**MATERIAL FOR THE TASK**.
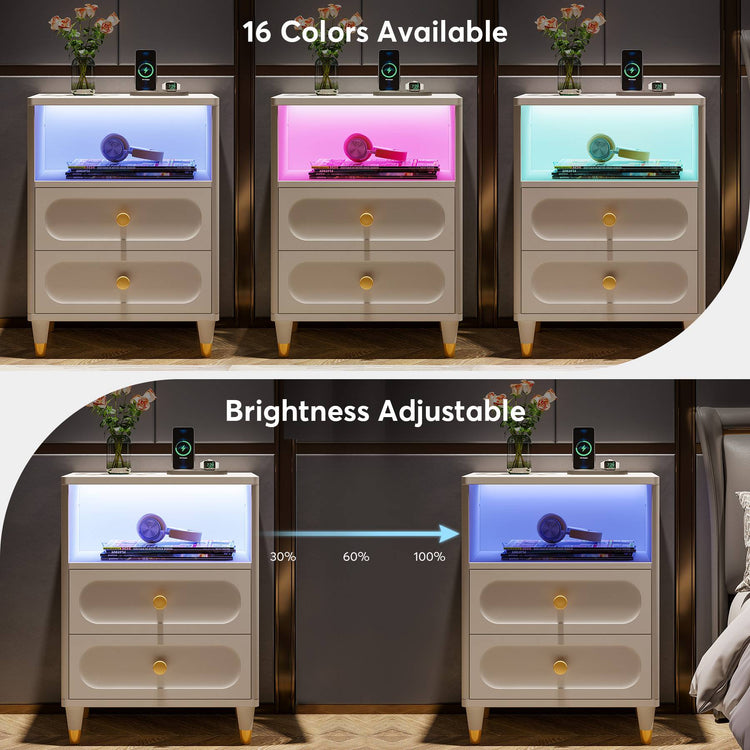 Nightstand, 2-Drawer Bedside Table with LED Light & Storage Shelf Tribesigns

---

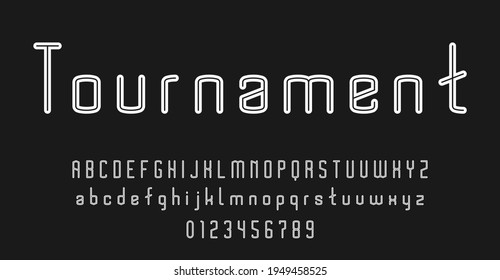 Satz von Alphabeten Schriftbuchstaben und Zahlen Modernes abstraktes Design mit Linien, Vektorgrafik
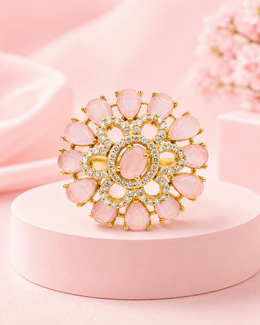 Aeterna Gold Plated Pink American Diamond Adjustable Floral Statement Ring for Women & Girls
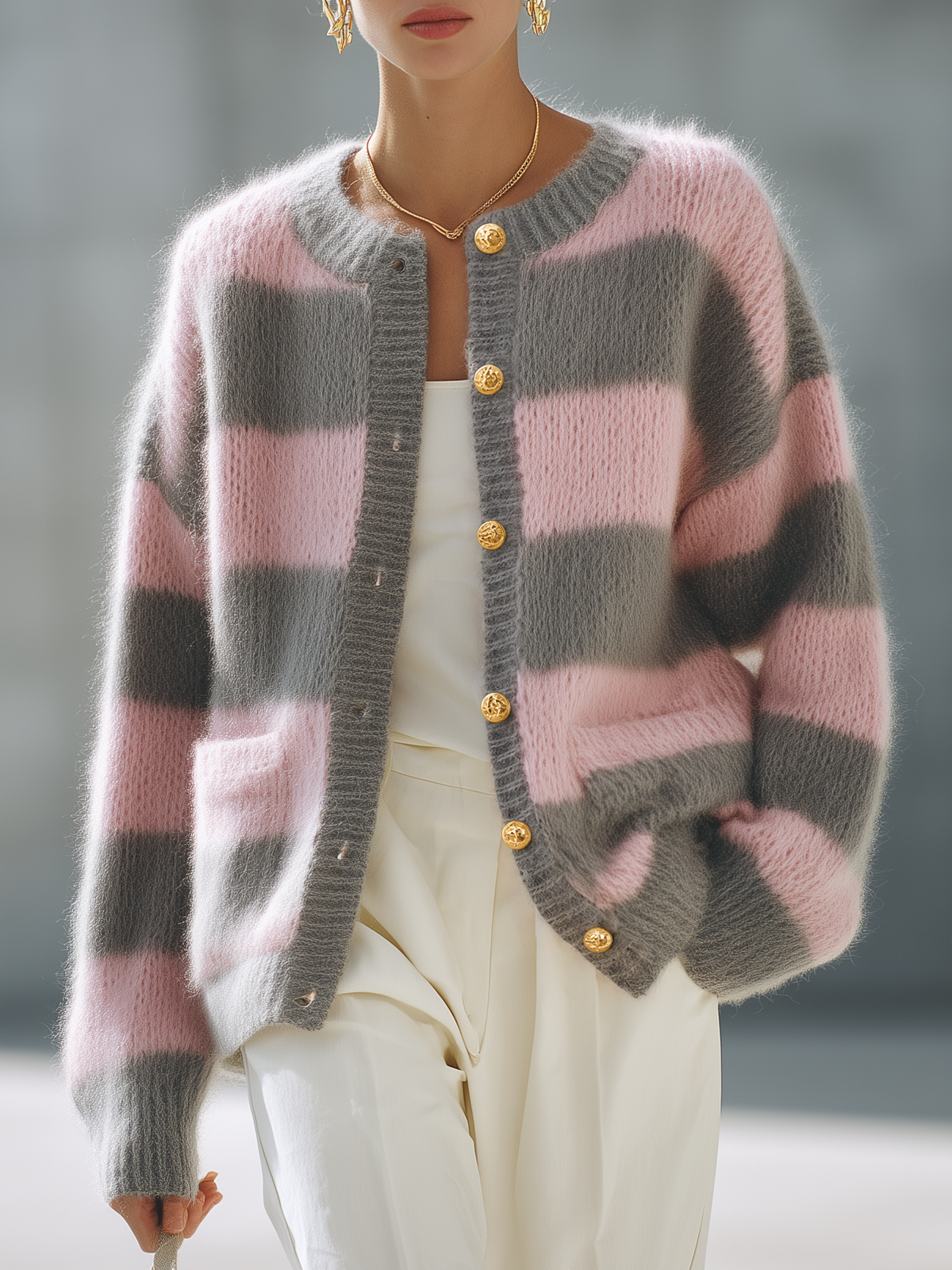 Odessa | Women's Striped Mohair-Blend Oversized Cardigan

**PROBLEM TO WORK ON**.
From the records above, copy only the lines running from the line containing "Satz von Alphabeten" to the line containing "Odessa | Women's", both ends included. Leave the pictures out.

**TASK ANSWER**.
 Satz von Alphabeten Schriftbuchstaben und Zahlen Modernes abstraktes Design mit Linien, Vektorgrafik
 Aeterna Gold Plated Pink American Diamond Adjustable Floral Statement Ring for Women & Girls
 Odessa | Women's Striped Mohair-Blend Oversized Cardigan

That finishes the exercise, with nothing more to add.